Mama, protect me when I am inside your womb.…give me your love and peace to grow into your life…only bringing you joy.
My precious lil one…. I speak to you from the depths of my heart, you have entered into my womb and made me complete....a woman....a mother. I believe that this is the most miraculous thing that could have happened to me. I thank God that I have been chosen for such an awesome task…the biggest blessing I could have ever asked for...
The moment the doctor told of a life inside me, various feelings came rushing….I felt wonder to amazement, curiosity, excitement and fear. Sweetheart, this is such an over whelming process.…I can never connect to another human being on this earth like the bond we two share. Your soul has entered, touched and interacted with mine….You are flesh of my flesh.…life that I have created.
I can imagine you inside me, beautiful, bouncing, flashing a smile, and when you move, it does wonders for this mother of yours. Do you dream about me and the world outside? Do you smile as I am talking to you?

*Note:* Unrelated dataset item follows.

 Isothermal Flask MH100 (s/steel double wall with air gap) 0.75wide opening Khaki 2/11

You are my baby, my child, my heart, my wonder…I know that you are going to enter this world to bring me only joy. The fulfillment you have brought to me, runs so deep....the light you are destined to bring, is the warmest radiance of all. Though the path you choose will be your own....the journey of your life will never be yours alone. I promise, I will raise you with love, happiness, wisdom…teach you to love, respect, care and strength of mind ….giving you all that I have within. In return you will teach me patience, show me strength, I will learn with you day to day….you lead and I will follow.

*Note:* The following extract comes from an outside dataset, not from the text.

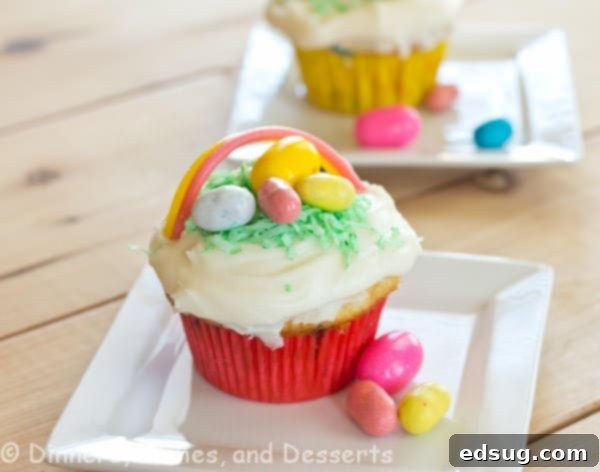 Easter Basket Cupcakes - Recipe Card Image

These days go by slow….as I am preparing for your arrival….to a home full of love. There are times when I feel sick, achy and tired but seriously, it really does not matter….because when I feel you move, I forget my pains.…and savour that moment. Even though I can’t see you, I know you are warm and snug within.…even though I can’t hold you, I can feel you move, giving Mommy assurance, even though I can’t kiss you, I know you can share my feelings…that the affinity we have is for real.

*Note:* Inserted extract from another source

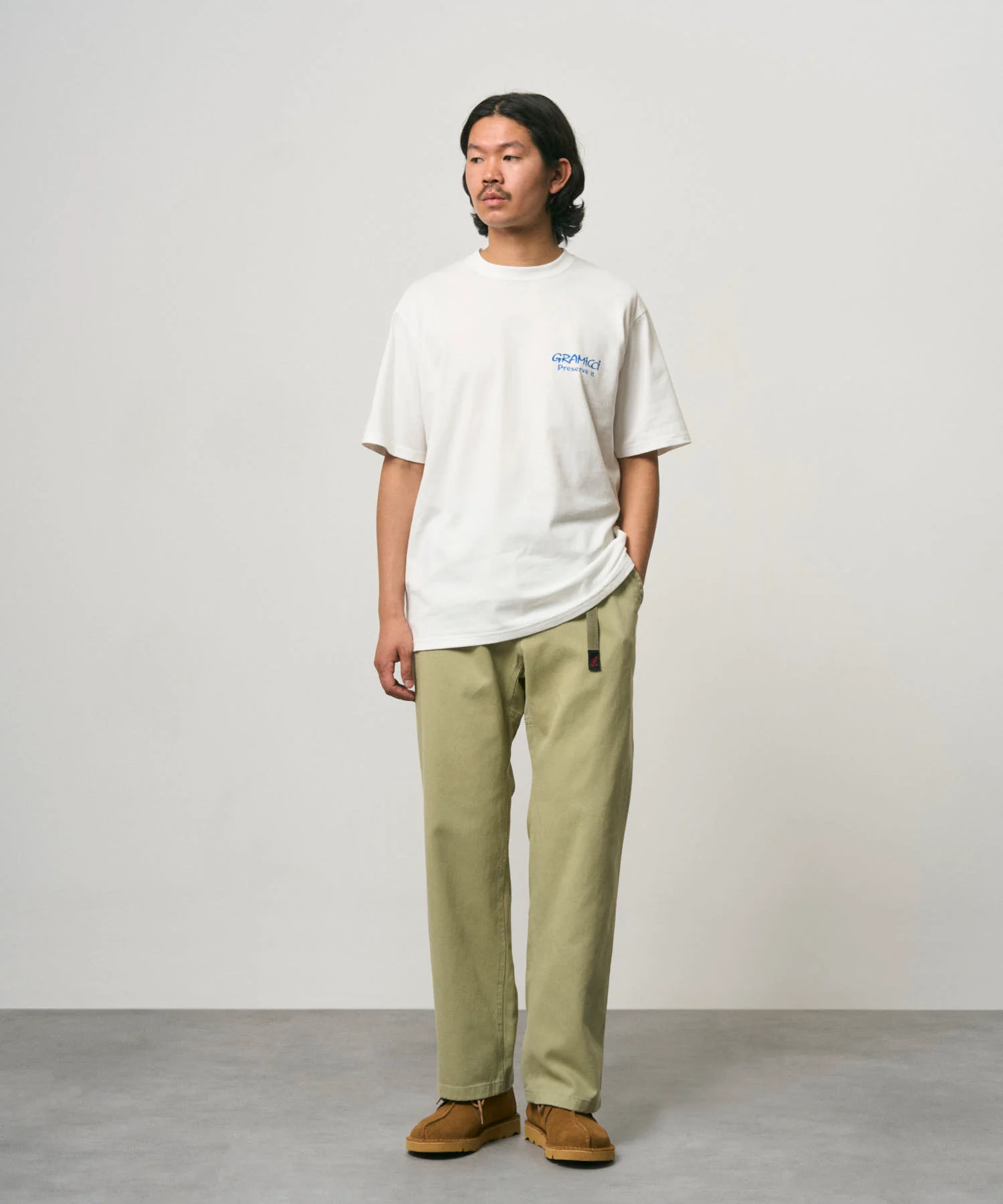 Gramicci Earth Tee (White) - Image 4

You are with me all the time, on my mind…and I have truly fallen in love with you…my precious bundle of joy. I am breathing with you….for you. Before I was Mom, I didn’t know the feeling of a heart beating inside me, I didn’t know that something so small could make me feel so important. I never knew that I was capable of giving unconditional love, never knew the warmth, the joy, heartaches, wonderment, or the satisfaction of being a Mom. I didn’t know I had such feelings, before I was MOM...
Thank you my little one, for choosing me, I love you and I am waiting for your arrival…I am thinking of some perfect words to say to you….All that I can say right now is.…I can’t wait to be your Mommy!!!!